Expectativa é de que diplomacias avancem em acordo técnico nos próximos dias; especialistas veem sinal de reaproximação e pragmatismo entre os dois países

Presidentes americano e brasileiro se encontraram na Malásia Presidentes americano e brasileiro se encontraram na Malásia  - Foto: Ricardo Stuckert/PR

O encontro entre os presidentes Luiz Inácio Lula da Silva (PT) e Donald Trump, neste domingo (26), em Kuala Lumpur, na Malásia, durante a 47ª Cúpula da Associação de Nações do Sudeste Asiático (ASEAN), marcou a retomada das negociações entre Brasil e Estados Unidos após meses de tensão comercial. O principal ponto tratado foi a possível suspensão do tarifaço de 50% imposto por Washington sobre as exportações brasileiras desde julho.

A reunião, que durou cerca de 50 minutos, foi descrita por ambas as partes como “franca e construtiva”. Segundo o Itamaraty, Trump autorizou sua equipe a iniciar ainda neste domingo as tratativas com o governo brasileiro para revisão das tarifas e sanções impostas a autoridades. Lula, por sua vez, afirmou nas redes sociais ter tido uma “ótima reunião” com o presidente americano e destacou o desejo de ambos de avançar em soluções para as medidas restritivas.

Pragmatismo
Para o colunista da Folha de Pernambuco, o professor e ex-presidente da Fundação Joaquim Nabuco (Fundaj), Luiz Otávio Cavalcanti, o encontro sinaliza uma inflexão pragmática na relação entre os dois países. “Trump é um profissional. Há 20 dias, ele escreveu uma carta a Lula fazendo quase uma defesa do ex-presidente Jair Bolsonaro. Nesse intervalo, o volume de exportações do Brasil para os EUA caiu mais de 20%, enquanto as vendas para China e México aumentaram mais de 30%. Foi um aviso: se os EUA se alinharem demais a Bolsonaro, perdem negócios importantes com o Brasil”, afirmou.

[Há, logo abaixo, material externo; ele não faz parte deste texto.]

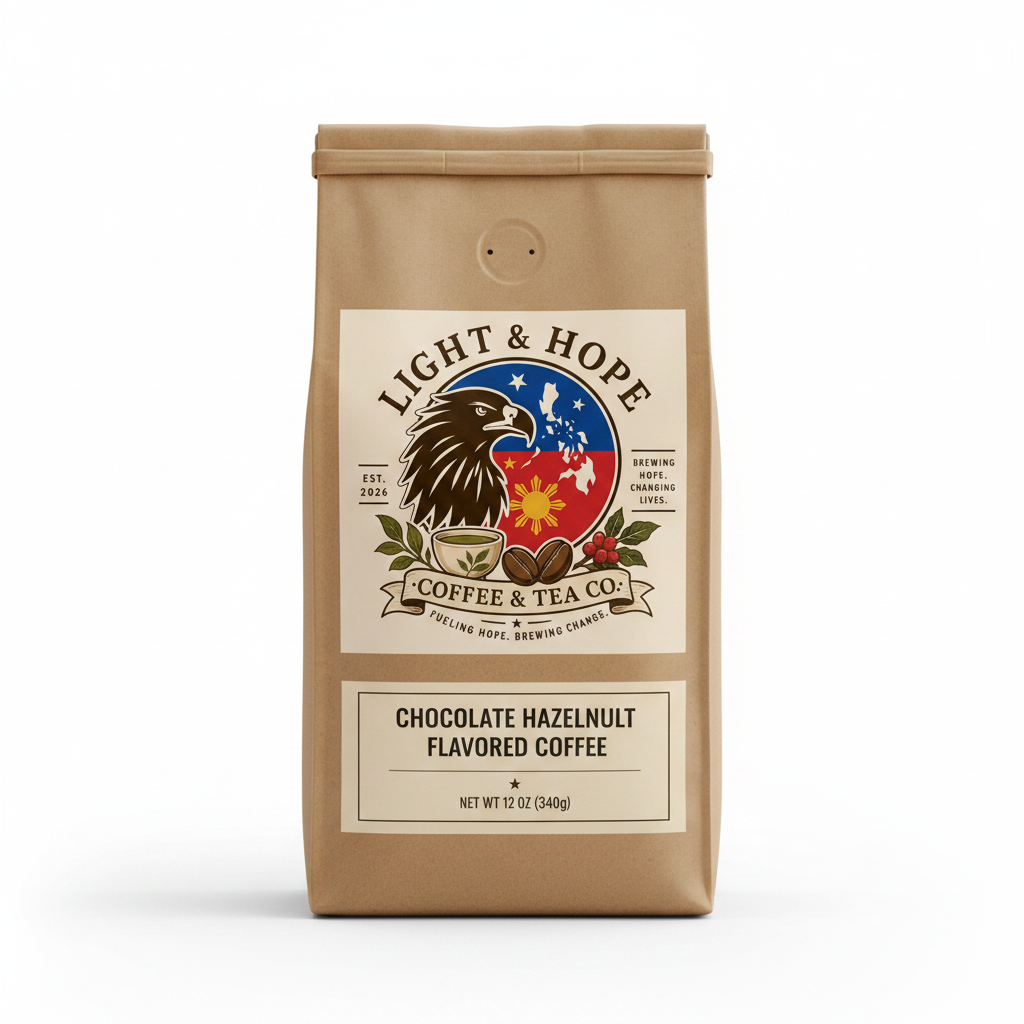 Chocolate Hazelnut flavored coffee bag with Light & Hope Coffee & Tea Co.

Segundo o professor, o encontro buscou “restabelecer a normalidade dos negócios”. Para ele, a decisão de Trump é motivada menos por afinidades pessoais e mais por cálculo econômico. “O que determinou a mudança não foi simpatia. Trump é hábil nos interesses políticos e pessoais. Não havia necessidade de perder negócios com o Brasil”, disse.

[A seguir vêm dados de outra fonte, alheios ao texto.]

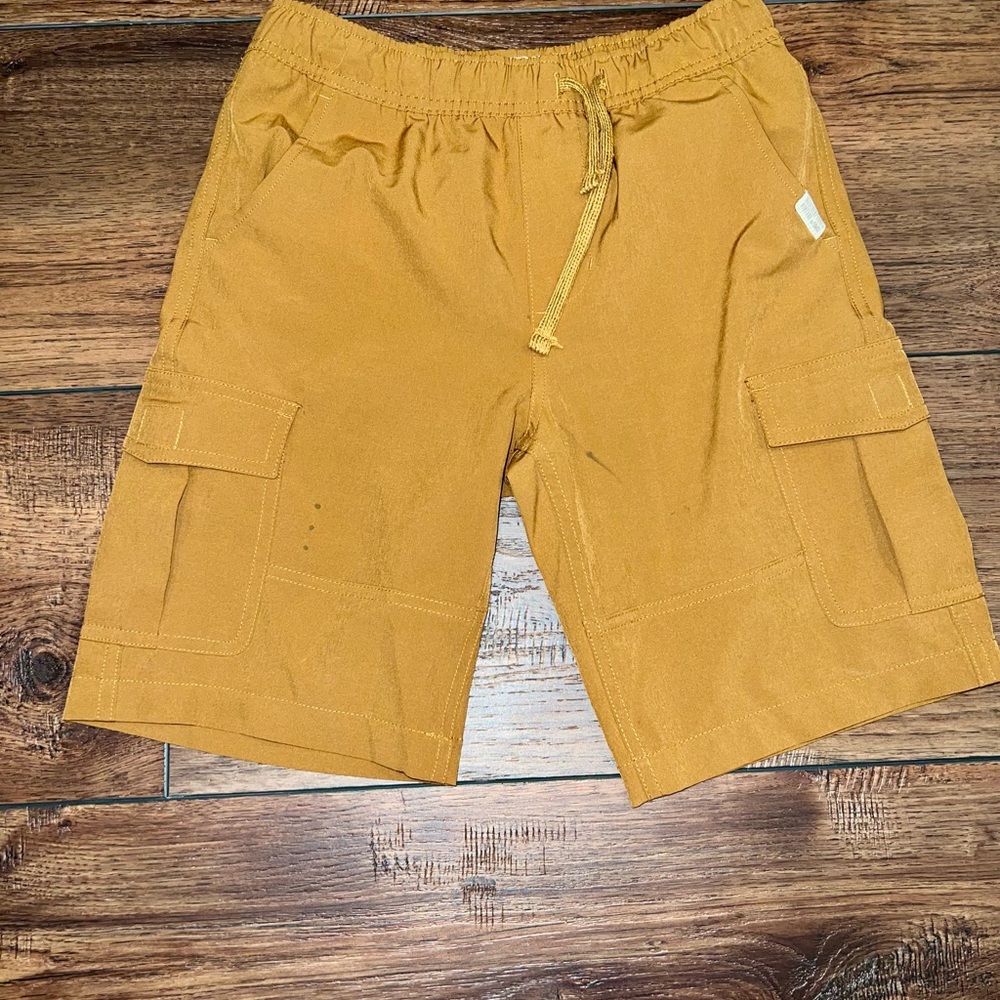 Weatherproof Yellow Cargo Shorts with Elastic Waistband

Cavalcanti também minimiza a leitura de que a aproximação envolveria temas sensíveis como a Venezuela. “Não há problema sério entre Brasil e EUA relacionado à Venezuela. A presença do porta-aviões no Caribe é um sinal para China e Rússia, não para o Brasil. É uma mensagem sobre área de influência”, explicou.

Reposicionamento
Na avaliação do cientista político Elton Gomes, o encontro teve caráter preparatório, mas reabre o diálogo em torno de três eixos principais: geopolítica, tecnologia e estabilidade institucional. “Seguiu o protocolo diplomático convencional, mas com elementos importantes. Marca uma nova fase das negociações em meio às tensões do tarifaço”, afirmou.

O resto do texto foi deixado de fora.